Task goal ▸
Pictures excluded, set down exactly the lines from the one containing "Pastel bouquet of" through the final line of the material, and only those.

··· Records for processing

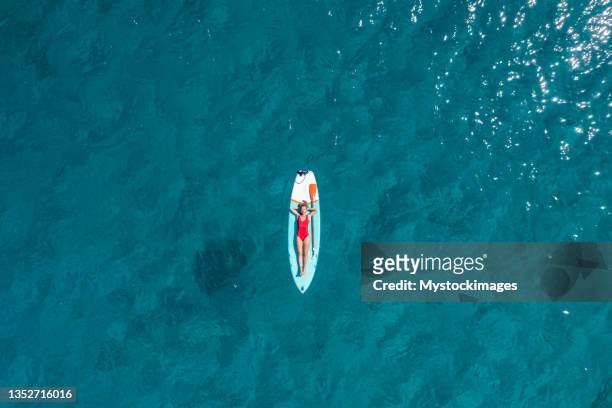 aerial view of woman floating on a stand up paddle - drijven stockfoto's en -beelden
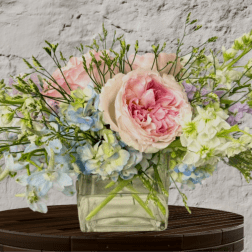 Pastel bouquet of pink and blue flowers in a clear glass vase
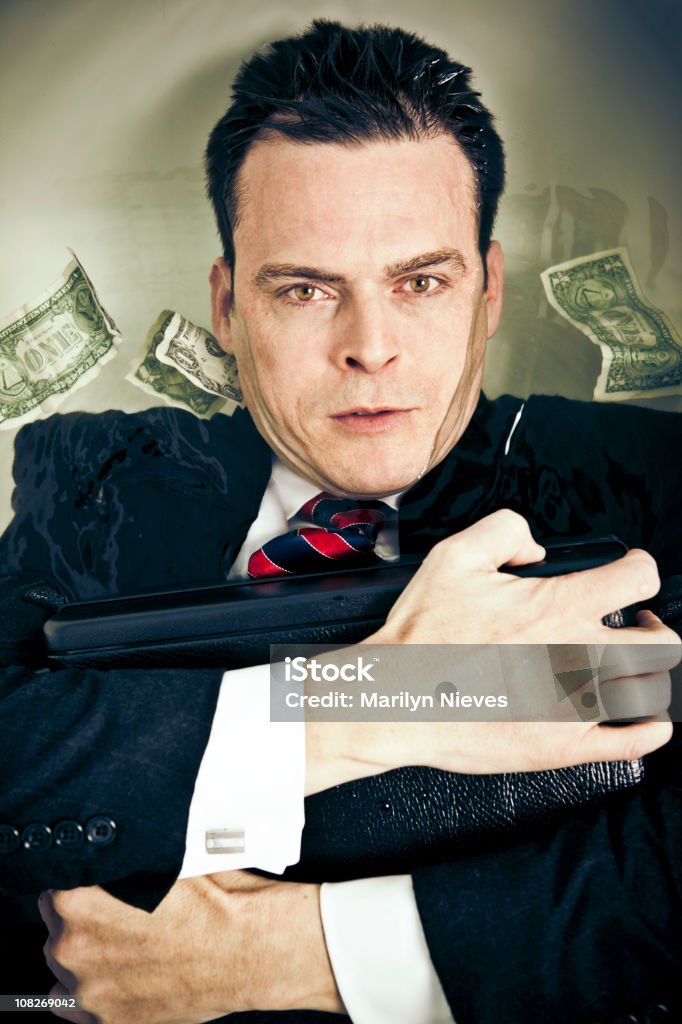 surviving the recession Businessman using his suitcase as a life preserver. Currency Stock Photo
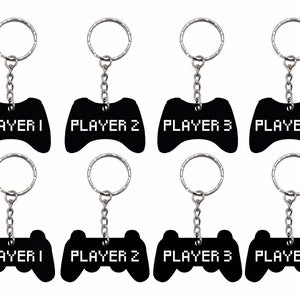 May include: Eight black metal keychains shaped like video game controllers with silver key rings and chains. The keychains are labelled "PLAYER 1", "PLAYER 2", "PLAYER 3", and "PLAYER 4".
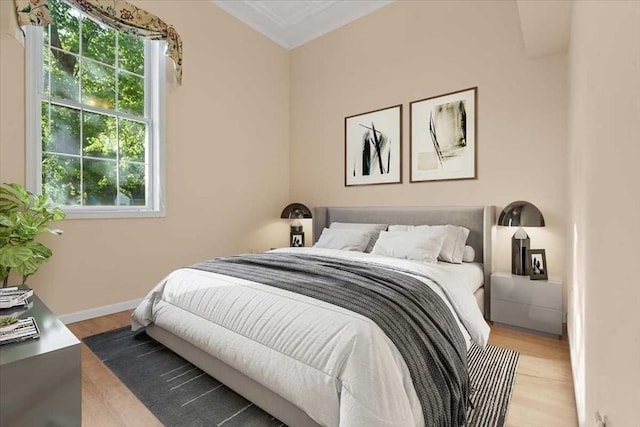 42 Phillips Rd Unit 1, Holden, MA 01520 - bedroom featuring multiple windows, wood finished floors, and baseboards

······

Completed exercise ▸
 Pastel bouquet of pink and blue flowers in a clear glass vase
 surviving the recession Businessman using his suitcase as a life preserver. Currency Stock Photo
 May include: Eight black metal keychains shaped like video game controllers with silver key rings and chains. The keychains are labelled "PLAYER 1", "PLAYER 2", "PLAYER 3", and "PLAYER 4".
 42 Phillips Rd Unit 1, Holden, MA 01520 - bedroom featuring multiple windows, wood finished floors, and baseboards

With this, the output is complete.